34. You'd never have to clean Picard's semen out of the holodeck after he'd used it.

35. Kirk once made a cannon out of bamboo, sulfur, potassium nitrate & charcoal and used it to fire diamonds into the hearts of his enemies. Picard is a starship captain, not MacGyver.

36. Picard has only stooped to the dire act of feigning illness to attract a guard's attention once.

37. Kirk has to fight Klingons to get his way. Picard only has to tell them what to do.

38. Picard would never wear eye makeup. Ever.

39. Picard has a small, convenient hands-free communicator, not a Fisher Price spin-n-whizz baby toy.

40. Picard would never let himself get turned into a woman.

41. Picard and his crew can solve a week's mystery in 44 minutes flat. Kirk used to take 50 plus.

42. Picard never has to sign an Etch-a-Sketch attendance register kept by Yeomans with hair like a helter-skelter.

43. Picard never cries in front of his crew when one of them gets killed.

44. Picard never has pretentious episode titles like, "For the world is hollow and I have touched the sky".

45. Kirk is so boring he's caused several computers to self-destruct merely by talking to them.

47. Picard knows how to make a starship last. Kirk has gone through 3 already; that's a trifle careless.

48. Picard's engineers never lie to him about how long it takes to fix something, because no one, not even Starfleet engineers, mess with Picard.

49. Okay, so Picard is French. But at least he speaks with an English accent.

50. Picard chews out Klingons. Kirk chews on Klingons.

51. Picard can climb rocks without falling off.

52. Picard's uniform fits. Particularly around the midriff.

53. Picard had a large serrated knife pushed into his back, through his heart and out his chest.... and he just Laughed at it!!

54. Kirk fights like Adam West.

55. Picard blows up another starship more than once a season.

56. Picard never has Russians aboard his ship. Kirk has one at the helm.

57. Picard never has to put bits of Lego into his computers to make them work.

58. Picard made sure all the beds in his sickbay looked even more uncomfortable than Kirk's so he'd have fewer slackers.

59. Picard's phaser fires a burst of potentially lethal energy. It does not fire a stream of red felt-tip pen.

60. Women chase Picard. Kirk has to go out and bag his (except for the ones with green skin.)

61. Picard never needs a pessimistic Scotty to beam him out of the crap when things get ugly.

62. When Picard has a holiday he goes home, gets drunk and brawls. Kirk sits at a camp-fire toasting marshmallows while singing "Row, row, row, your boat" .

63. Picard ate Romulan soup and didn't even flinch. Much.

64. The Klingons in Kirk's day were real wusses.

65. Kirk never drinks tea. Ever.

66. Picard's girlfriends just look good. In any light.
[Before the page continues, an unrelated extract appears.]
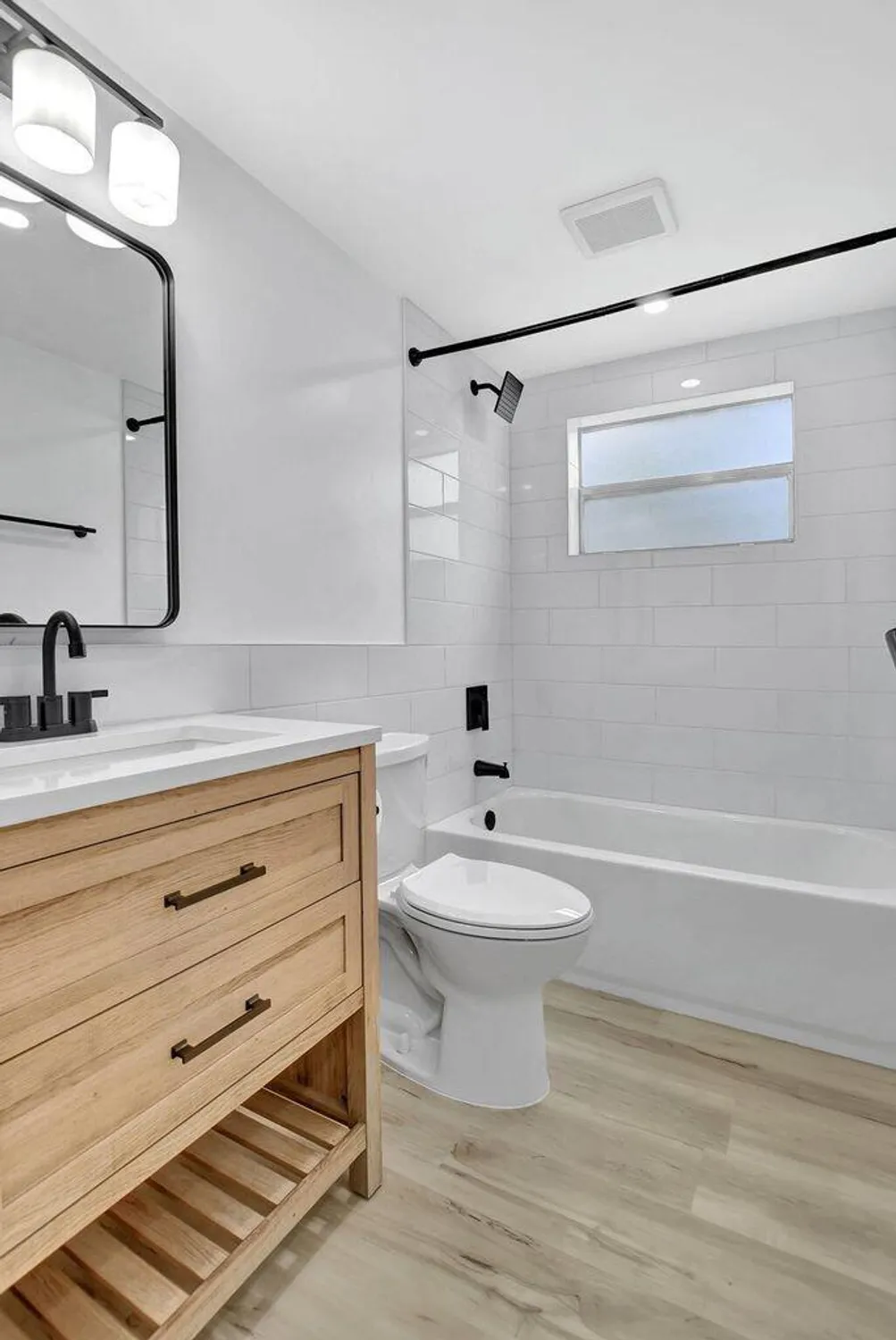 Property Slideshow image 14 of 24 | 216 flanders e unit e, Delray Beach, FL, 33484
67. Picard once sent an entire ship full of people through a worm-hole to their certain doom. And just because his bartender suggested it might be a laugh to do so.

68. Picard doesn't need to jump through big stone doughnuts to travel in time.

69. Remember the time when the Captain of the Enterprise was a slow-moving, monosyllabic automaton with a funny name? But enough about Kirk, wasn't Picard terrific as a Borg?

70. Kirk only managed to make himself look relatively attractive by carefully selecting his crew; contrast is everything.

71. Picard has only ever gone crazy once, and then he did something really cool like draw a smiley face in the cloud emanating from a warp core explosion.

72. Picard would never let his son get killed by Klingons.

73. Two words: Command presence.

74. If Kirk ever met a Ferengi, he'd probably try to mate with it.

75. Kirk never wore green tights and frolicked around Sherwood Forest. Kirk has no sense of humour.

76. Kirk's First Officer played some form of Vulcan harp, an instrument that makes the trombone look like just about the most macho thing this side of Kirk's wig.

77. How many innocent yellow-shirted security officers have been killed by crazed aliens who had taken pot shots at them in the mistaken belief that they were actually shooting at Kirk.

78. Kirk commands his ship as if he's driving a tractor across an Iowa wheat field.

79. When Picard was 37, he was the Captain of the lowly 'Stargazer'. Starfleet soon learned the value of "progressive experience" having witnessed the disastrous consequences of letting someone take charge of a real ship when their previous vehicular experience extended only as far as driving a tractor across an Iowa wheat field.

80. If Kirk had a doctor like Beverly Crusher, Starfleet would have to relocate the command chair to sick-bay.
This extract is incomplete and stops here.